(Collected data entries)
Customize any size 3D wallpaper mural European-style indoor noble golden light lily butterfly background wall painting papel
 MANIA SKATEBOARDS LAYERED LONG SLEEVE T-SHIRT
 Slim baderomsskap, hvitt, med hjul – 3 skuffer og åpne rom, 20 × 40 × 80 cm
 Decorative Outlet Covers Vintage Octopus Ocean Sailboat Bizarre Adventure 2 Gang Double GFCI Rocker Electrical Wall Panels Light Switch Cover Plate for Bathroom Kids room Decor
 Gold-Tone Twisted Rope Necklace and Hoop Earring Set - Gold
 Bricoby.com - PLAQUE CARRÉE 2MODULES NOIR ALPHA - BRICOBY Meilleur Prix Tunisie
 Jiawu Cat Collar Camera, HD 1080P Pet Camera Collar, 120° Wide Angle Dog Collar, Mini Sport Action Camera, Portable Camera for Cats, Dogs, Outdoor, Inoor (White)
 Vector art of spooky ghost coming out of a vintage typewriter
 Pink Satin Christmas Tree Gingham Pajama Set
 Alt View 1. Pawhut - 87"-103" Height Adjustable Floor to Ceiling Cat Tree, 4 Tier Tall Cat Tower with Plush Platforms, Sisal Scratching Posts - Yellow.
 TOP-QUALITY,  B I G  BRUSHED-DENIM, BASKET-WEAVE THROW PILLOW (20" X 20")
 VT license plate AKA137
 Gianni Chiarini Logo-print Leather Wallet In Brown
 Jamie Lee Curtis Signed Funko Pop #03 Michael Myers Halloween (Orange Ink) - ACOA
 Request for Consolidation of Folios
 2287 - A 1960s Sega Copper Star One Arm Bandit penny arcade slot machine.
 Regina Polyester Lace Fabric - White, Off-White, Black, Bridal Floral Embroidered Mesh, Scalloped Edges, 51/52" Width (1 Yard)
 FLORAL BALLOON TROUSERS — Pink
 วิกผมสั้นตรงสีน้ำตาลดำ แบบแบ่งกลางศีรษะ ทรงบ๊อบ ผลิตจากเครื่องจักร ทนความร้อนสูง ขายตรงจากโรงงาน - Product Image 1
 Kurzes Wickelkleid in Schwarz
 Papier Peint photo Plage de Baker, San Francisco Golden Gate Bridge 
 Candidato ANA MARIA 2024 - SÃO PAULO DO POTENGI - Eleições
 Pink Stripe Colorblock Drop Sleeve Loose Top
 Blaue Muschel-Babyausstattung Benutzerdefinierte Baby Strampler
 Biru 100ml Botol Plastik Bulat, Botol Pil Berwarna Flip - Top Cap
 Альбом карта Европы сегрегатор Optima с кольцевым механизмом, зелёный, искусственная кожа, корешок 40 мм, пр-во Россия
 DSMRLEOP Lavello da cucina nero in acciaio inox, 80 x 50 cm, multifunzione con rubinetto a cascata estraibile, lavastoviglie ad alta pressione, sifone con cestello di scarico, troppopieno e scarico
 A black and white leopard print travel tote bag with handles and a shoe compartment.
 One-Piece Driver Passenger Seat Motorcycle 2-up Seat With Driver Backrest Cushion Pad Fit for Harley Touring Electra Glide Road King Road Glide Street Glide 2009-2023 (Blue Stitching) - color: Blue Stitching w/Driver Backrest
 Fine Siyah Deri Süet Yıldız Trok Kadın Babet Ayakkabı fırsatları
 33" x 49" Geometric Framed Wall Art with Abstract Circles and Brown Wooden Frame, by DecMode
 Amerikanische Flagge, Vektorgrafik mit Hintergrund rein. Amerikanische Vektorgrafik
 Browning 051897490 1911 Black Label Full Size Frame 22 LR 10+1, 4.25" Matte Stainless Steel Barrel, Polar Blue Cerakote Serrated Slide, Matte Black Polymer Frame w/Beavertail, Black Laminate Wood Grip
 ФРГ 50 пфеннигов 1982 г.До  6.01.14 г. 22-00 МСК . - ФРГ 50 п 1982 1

* [TASK BRIEF] Only the lines from the top of the data through the line that contains "Gianni Chiarini Logo-print" should be quoted, exactly as they stand.

* [ANSWER SECTION]
Customize any size 3D wallpaper mural European-style indoor noble golden light lily butterfly background wall painting papel
 MANIA SKATEBOARDS LAYERED LONG SLEEVE T-SHIRT
 Slim baderomsskap, hvitt, med hjul – 3 skuffer og åpne rom, 20 × 40 × 80 cm
 Decorative Outlet Covers Vintage Octopus Ocean Sailboat Bizarre Adventure 2 Gang Double GFCI Rocker Electrical Wall Panels Light Switch Cover Plate for Bathroom Kids room Decor
 Gold-Tone Twisted Rope Necklace and Hoop Earring Set - Gold
 Bricoby.com - PLAQUE CARRÉE 2MODULES NOIR ALPHA - BRICOBY Meilleur Prix Tunisie
 Jiawu Cat Collar Camera, HD 1080P Pet Camera Collar, 120° Wide Angle Dog Collar, Mini Sport Action Camera, Portable Camera for Cats, Dogs, Outdoor, Inoor (White)
 Vector art of spooky ghost coming out of a vintage typewriter
 Pink Satin Christmas Tree Gingham Pajama Set
 Alt View 1. Pawhut - 87"-103" Height Adjustable Floor to Ceiling Cat Tree, 4 Tier Tall Cat Tower with Plush Platforms, Sisal Scratching Posts - Yellow.
 TOP-QUALITY,  B I G  BRUSHED-DENIM, BASKET-WEAVE THROW PILLOW (20" X 20")
 VT license plate AKA137
 Gianni Chiarini Logo-print Leather Wallet In Brown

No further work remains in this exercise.